Story of my landscape
Driving around the ancient lanes of rural mid Wales in the dying sunlight, is my most enduring of childhood memories. Staring out of the windows looking for signs of anything medieval or older, listening to Bonnie Tyler or Mike Oldfield while my dad chain smoked his way to his grave. I’d ask to open the window in the desperate attempt to catch a smoke free breath and, as the car filled with clouds, I’d catch sight of the glorious sun flickering tantalisingly through the trees.
Freedom, it promised.
Maybe this is where my aesthetic comes from? Why I like the ambiguity of blurry organic forms, horizons and light? Why I feel happiest in a constant dreamlike state with my head turned towards the sun like a sunflower. Why I want to shatter the screen and illusions of ‘reality’ and run back to the natural world from where we all came - and are still part of, despite humanity’s best efforts to deny it.

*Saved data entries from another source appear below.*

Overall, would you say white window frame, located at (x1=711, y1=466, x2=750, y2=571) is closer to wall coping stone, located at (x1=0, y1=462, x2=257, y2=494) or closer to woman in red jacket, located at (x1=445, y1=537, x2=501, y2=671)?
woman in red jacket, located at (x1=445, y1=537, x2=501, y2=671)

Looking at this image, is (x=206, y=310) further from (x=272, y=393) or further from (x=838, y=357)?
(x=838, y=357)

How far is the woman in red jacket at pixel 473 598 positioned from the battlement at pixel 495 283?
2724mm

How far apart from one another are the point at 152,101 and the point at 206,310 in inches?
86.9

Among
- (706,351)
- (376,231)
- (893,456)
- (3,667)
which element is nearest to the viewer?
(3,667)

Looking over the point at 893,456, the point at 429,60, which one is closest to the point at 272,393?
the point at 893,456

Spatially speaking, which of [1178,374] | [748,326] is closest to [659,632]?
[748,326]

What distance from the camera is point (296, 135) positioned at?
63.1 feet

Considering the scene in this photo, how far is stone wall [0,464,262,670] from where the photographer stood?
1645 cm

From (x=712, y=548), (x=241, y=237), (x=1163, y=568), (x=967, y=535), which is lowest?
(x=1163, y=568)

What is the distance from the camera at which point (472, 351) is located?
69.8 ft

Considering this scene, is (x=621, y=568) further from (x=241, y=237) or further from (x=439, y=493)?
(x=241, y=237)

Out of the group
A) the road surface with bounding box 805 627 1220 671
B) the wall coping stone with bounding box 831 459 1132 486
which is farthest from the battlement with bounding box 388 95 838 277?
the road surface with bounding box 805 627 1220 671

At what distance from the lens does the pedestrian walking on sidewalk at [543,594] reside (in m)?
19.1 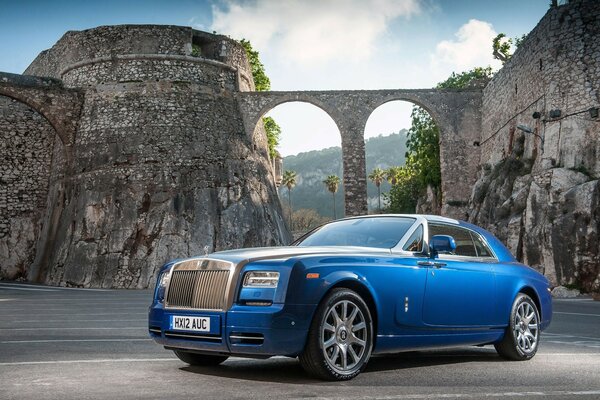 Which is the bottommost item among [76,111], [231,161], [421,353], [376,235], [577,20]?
[421,353]

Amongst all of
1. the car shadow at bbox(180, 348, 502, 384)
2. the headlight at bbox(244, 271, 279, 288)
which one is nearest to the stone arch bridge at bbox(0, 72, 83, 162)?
the car shadow at bbox(180, 348, 502, 384)

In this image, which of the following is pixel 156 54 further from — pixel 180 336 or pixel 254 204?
pixel 180 336

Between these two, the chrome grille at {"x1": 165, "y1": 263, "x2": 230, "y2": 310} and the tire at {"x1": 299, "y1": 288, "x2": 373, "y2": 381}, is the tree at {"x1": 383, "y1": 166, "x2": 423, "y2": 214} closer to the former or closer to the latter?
the chrome grille at {"x1": 165, "y1": 263, "x2": 230, "y2": 310}

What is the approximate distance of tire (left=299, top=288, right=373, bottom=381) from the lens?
5.79m

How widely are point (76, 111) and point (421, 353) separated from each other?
31.7 metres

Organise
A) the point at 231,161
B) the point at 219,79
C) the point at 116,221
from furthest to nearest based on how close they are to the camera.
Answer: the point at 219,79 → the point at 231,161 → the point at 116,221

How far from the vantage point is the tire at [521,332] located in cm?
770

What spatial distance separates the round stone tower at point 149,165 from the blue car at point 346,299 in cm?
2593

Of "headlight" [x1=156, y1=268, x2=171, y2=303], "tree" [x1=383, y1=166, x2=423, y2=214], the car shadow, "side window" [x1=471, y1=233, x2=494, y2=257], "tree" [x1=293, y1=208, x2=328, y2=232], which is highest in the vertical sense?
"tree" [x1=383, y1=166, x2=423, y2=214]

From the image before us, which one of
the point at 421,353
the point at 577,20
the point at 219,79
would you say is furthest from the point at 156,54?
the point at 421,353

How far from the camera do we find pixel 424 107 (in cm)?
3684

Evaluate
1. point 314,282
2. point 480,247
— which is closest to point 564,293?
point 480,247

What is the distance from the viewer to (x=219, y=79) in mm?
38031

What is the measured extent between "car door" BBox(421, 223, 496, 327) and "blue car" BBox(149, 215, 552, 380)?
11mm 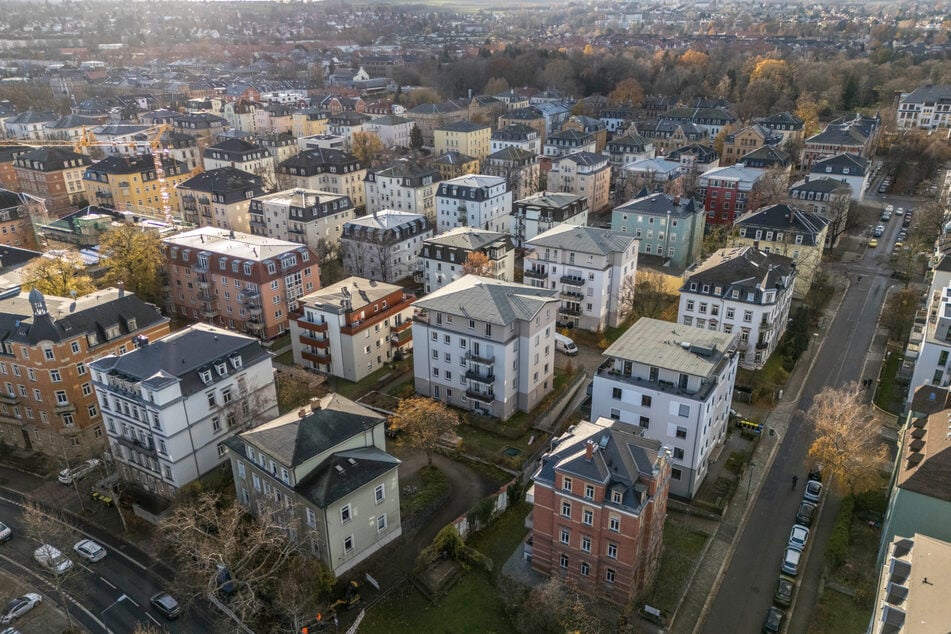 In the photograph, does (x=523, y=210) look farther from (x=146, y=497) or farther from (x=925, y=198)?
(x=925, y=198)

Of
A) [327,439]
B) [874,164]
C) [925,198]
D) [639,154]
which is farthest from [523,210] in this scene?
[874,164]

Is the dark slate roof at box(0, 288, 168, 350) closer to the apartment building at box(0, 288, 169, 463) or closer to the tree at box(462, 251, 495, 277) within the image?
the apartment building at box(0, 288, 169, 463)

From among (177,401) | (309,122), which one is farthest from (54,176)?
(177,401)

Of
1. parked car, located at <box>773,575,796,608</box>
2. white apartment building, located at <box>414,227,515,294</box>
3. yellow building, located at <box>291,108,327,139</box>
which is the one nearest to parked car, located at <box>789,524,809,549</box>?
parked car, located at <box>773,575,796,608</box>

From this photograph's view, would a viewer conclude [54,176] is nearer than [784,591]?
No

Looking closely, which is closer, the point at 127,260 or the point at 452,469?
the point at 452,469

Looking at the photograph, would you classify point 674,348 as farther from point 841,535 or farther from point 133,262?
point 133,262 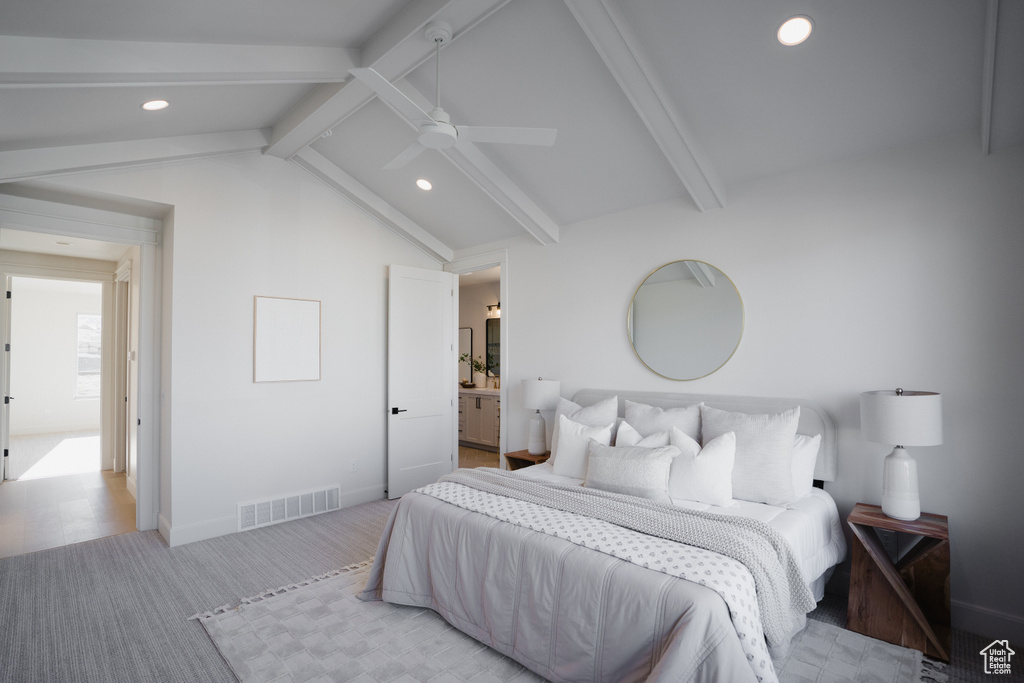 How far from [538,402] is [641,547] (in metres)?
2.25

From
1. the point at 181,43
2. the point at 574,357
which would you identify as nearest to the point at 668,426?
the point at 574,357

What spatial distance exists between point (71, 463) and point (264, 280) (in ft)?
14.7

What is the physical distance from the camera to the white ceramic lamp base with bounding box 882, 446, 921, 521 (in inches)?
98.6

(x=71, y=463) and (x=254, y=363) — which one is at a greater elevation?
(x=254, y=363)

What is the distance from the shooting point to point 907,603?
94.3 inches

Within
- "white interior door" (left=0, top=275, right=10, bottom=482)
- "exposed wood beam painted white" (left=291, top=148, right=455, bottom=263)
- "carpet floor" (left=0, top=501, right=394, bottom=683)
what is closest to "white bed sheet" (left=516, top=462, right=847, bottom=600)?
"carpet floor" (left=0, top=501, right=394, bottom=683)

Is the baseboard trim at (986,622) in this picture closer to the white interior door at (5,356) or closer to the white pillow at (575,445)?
the white pillow at (575,445)

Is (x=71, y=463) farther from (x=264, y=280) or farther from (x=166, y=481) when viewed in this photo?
(x=264, y=280)

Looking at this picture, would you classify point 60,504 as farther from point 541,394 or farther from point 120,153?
point 541,394

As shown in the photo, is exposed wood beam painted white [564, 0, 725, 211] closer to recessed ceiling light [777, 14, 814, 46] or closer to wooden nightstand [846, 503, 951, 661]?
recessed ceiling light [777, 14, 814, 46]

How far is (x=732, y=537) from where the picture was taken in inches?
83.2

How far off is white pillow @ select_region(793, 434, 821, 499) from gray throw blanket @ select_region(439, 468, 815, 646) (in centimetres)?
72

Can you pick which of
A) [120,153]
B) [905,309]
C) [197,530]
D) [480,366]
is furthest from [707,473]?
[480,366]

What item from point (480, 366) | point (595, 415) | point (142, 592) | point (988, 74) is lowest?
point (142, 592) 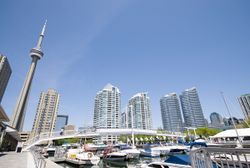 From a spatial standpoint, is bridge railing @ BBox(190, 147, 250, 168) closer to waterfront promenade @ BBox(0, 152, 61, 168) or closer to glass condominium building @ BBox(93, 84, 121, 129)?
waterfront promenade @ BBox(0, 152, 61, 168)

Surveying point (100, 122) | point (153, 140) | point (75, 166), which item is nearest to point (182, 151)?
point (75, 166)

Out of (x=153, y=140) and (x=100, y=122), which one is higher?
(x=100, y=122)

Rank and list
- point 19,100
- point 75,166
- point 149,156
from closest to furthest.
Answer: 1. point 75,166
2. point 149,156
3. point 19,100

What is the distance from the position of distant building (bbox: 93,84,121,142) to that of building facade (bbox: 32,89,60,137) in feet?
142

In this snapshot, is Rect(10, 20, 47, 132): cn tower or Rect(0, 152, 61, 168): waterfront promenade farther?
Rect(10, 20, 47, 132): cn tower

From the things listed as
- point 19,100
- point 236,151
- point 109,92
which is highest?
point 109,92

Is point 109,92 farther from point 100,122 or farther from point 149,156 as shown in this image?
point 149,156

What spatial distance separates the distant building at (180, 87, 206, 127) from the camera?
582ft

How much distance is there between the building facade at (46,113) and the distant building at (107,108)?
142ft

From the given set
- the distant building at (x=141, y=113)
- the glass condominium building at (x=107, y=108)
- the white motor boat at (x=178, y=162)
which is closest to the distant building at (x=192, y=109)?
the distant building at (x=141, y=113)

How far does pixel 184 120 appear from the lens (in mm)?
188625

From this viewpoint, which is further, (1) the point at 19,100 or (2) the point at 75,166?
(1) the point at 19,100

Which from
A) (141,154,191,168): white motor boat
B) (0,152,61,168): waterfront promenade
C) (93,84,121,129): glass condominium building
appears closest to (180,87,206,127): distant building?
(93,84,121,129): glass condominium building

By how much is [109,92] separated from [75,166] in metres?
139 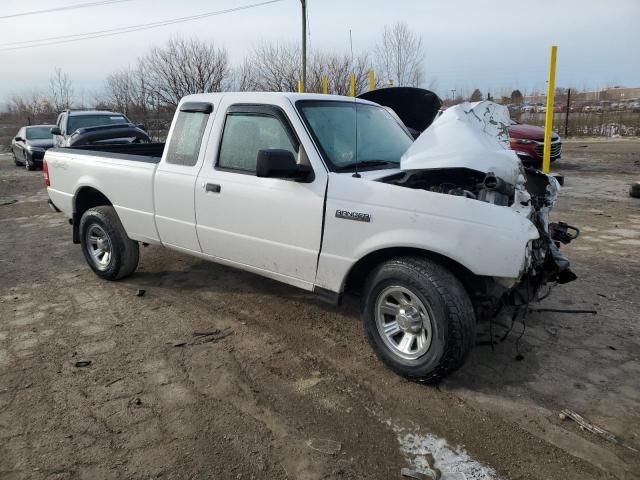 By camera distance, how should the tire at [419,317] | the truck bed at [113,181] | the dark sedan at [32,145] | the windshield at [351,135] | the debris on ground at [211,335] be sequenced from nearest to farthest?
1. the tire at [419,317]
2. the windshield at [351,135]
3. the debris on ground at [211,335]
4. the truck bed at [113,181]
5. the dark sedan at [32,145]

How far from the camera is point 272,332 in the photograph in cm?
435

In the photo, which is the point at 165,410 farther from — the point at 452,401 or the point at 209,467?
the point at 452,401

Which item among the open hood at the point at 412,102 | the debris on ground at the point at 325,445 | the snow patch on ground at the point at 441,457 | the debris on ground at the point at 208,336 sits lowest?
the debris on ground at the point at 325,445

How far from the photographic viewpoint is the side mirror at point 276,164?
11.6 feet

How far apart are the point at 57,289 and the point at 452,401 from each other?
431cm

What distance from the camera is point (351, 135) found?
4242mm

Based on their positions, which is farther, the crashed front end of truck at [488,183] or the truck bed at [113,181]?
the truck bed at [113,181]

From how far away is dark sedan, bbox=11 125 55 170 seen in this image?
17109 mm

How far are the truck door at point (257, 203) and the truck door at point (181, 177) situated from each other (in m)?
0.14

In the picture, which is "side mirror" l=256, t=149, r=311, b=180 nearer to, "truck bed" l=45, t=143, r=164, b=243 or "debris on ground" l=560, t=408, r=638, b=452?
"truck bed" l=45, t=143, r=164, b=243

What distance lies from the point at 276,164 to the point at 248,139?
0.87 metres

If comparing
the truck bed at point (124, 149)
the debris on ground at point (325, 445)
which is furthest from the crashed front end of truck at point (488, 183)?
the truck bed at point (124, 149)

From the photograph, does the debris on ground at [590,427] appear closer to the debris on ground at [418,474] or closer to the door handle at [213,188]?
the debris on ground at [418,474]

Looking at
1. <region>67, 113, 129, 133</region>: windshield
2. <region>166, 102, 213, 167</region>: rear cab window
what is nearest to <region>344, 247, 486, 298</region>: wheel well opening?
<region>166, 102, 213, 167</region>: rear cab window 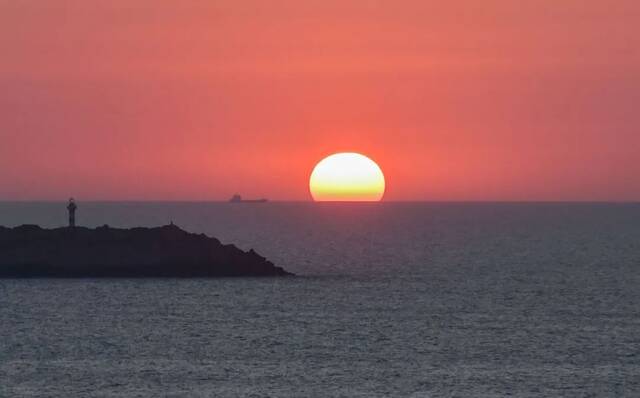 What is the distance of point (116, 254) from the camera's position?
108 metres

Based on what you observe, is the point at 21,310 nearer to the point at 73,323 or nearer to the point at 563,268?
the point at 73,323

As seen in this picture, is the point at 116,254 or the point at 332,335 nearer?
the point at 332,335

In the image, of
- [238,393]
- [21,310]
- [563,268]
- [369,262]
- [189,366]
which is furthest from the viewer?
[369,262]

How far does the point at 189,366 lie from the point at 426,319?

In these memories of Welsh hinterlands, I find peace. The open space. The connection between land, sea and sky. It feels honest: a homecoming. Dare I say a little bit of hiraeth? Maybe. And I know the disconnection from it affected my mental health. Finding my way back to the natural world through art has been a healing balm. Connecting to the place I am right now is the belonging I sought as I scoured piles of magazines, bought clothes I’d only wear once and scrolled and scrolled hoping to find ‘the answer’.
The stories of the people that came before are embedded in the land wherever we stand. And the people that will come after us will emerge out of this land.
The land offers us wisdom. And I am now choosing to listen.